* DIRECTIONS:
Your copy of the entries below should hold exactly the lines from the one containing "장애등급제 폐지에 따라, 서비스 지원 대상을 선정하는 기준도 달라진다." to the one containing "Milwaukee Weather Wind", inclusive, and no pictures.

* DATA EXTRACTS:
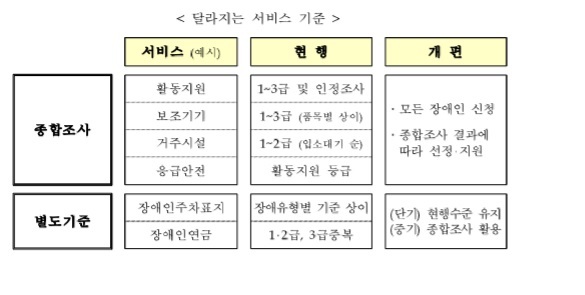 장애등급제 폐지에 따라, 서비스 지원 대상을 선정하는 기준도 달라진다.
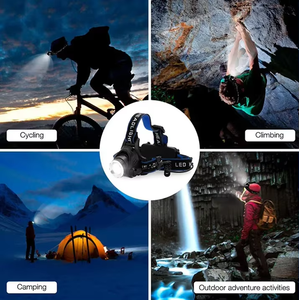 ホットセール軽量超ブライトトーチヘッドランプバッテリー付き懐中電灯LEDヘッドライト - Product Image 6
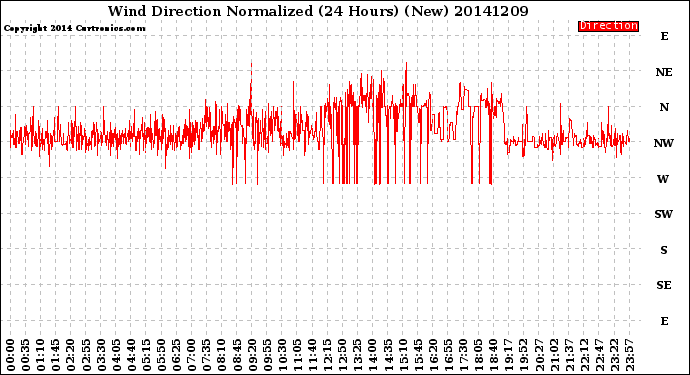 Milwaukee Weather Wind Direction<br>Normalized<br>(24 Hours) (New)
...
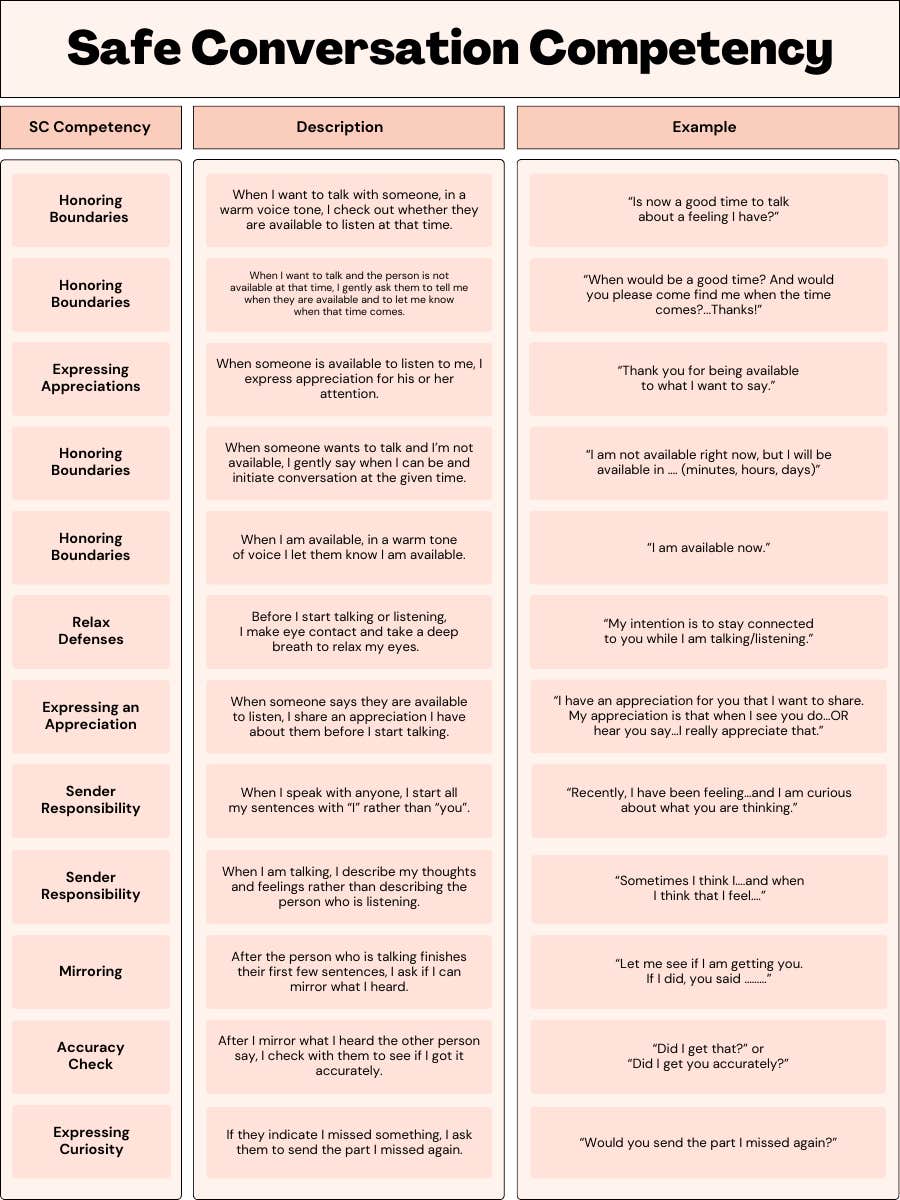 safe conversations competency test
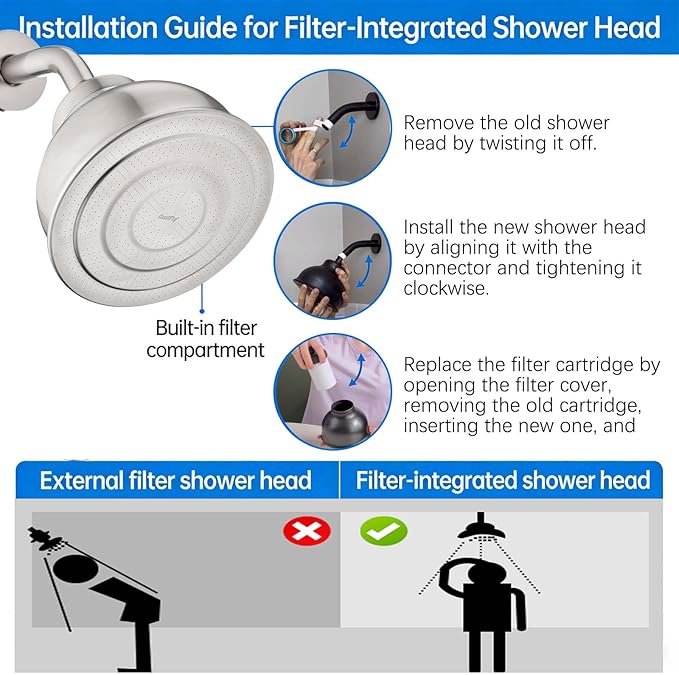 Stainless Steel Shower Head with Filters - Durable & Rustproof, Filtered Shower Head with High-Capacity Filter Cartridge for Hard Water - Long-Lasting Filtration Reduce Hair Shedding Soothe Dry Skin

* RESULT BELOW:
 장애등급제 폐지에 따라, 서비스 지원 대상을 선정하는 기준도 달라진다.
 ホットセール軽量超ブライトトーチヘッドランプバッテリー付き懐中電灯LEDヘッドライト - Product Image 6
 Milwaukee Weather Wind Direction<br>Normalized<br>(24 Hours) (New)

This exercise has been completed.